The research I will be conducting will seek to find out what these barriers and facilitators are, here in Rwanda in a rural impoverished setting. Then, using a standard public health behavior change framework, my team and I will be devising key messages to deliver to these rural poor communities that will be targeted to fit the social and cultural norms, based on the research results. God willing, these messages will be used by the MOH's partner organizations (like World Relief, for example) in future child survival programs.

Thank you for your prayers for this research! I have been planning this for a while now, and there have been some considerable logistical delays, but tomorrow I begin with conducting a training (in French, yikes!) for 24 Rwandan researchers, and then Melene and I will be busy through the middle of August, traveling all over Rwanda, to collect data and then to design the messages.

I would love your prayers that the research team and I would be able to conduct the project ultimately to God's glory (i.e., with excellence, professionalism, kindness, compassion)....and that in the end, children would be positively impacted by the work. Would you also pray that the design of the messages would be very useful, in a practical way, for organizations like World Relief to use in the future here in Rwanda? Thank you so much. :)

I will try to keep you posted on how things go with the research, although I'm not sure what my time constraints will be, nor my email access! But I so appreciate your prayers!!

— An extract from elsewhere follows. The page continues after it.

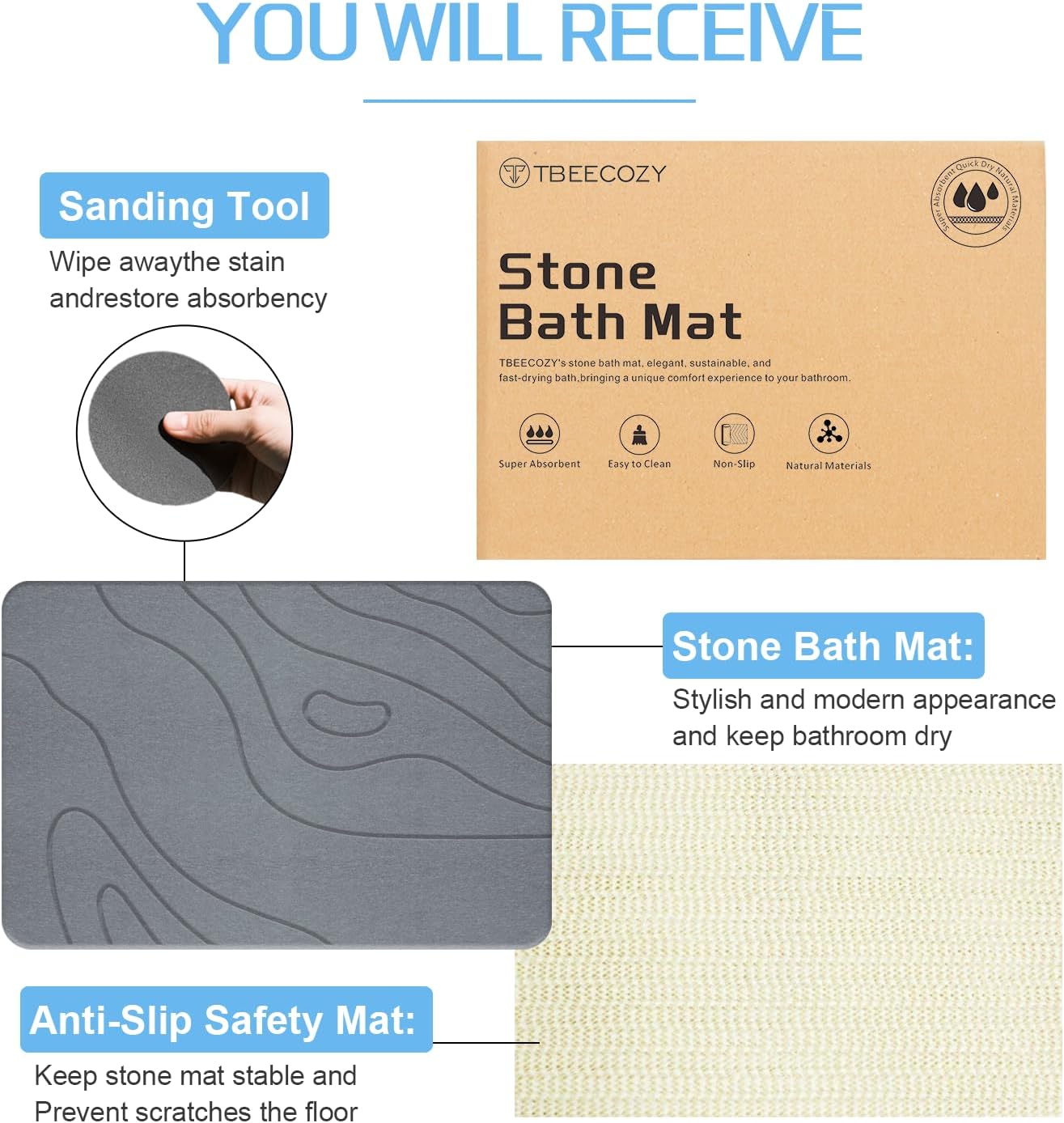 Stone Bath Mat, 20"x30" Large Size Diatomite Fast Drying Non Slip Stone Shower Mat, Super Absorbent for Bathroom & Kitchen, Multi-Use as Pet Mat, Easy to Clean, Gray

Also, there is a lot going on with so many of you this summer! Many of you are traveling, some are changing jobs or taking on new responsibilities....others are encountering new challenges (or the same challenges!) of day-to-day life! I am praying for you too and am so thankful for you all. I love getting your emails and would love to hear from you if you have a chance. xo

2 comments:

Tracy said...

I'm so glad that you have a focused scope for your research. :) I will pray for you. May God be glorified!

Unknown said...

To God be the glory! Of course, I continue to pray for you.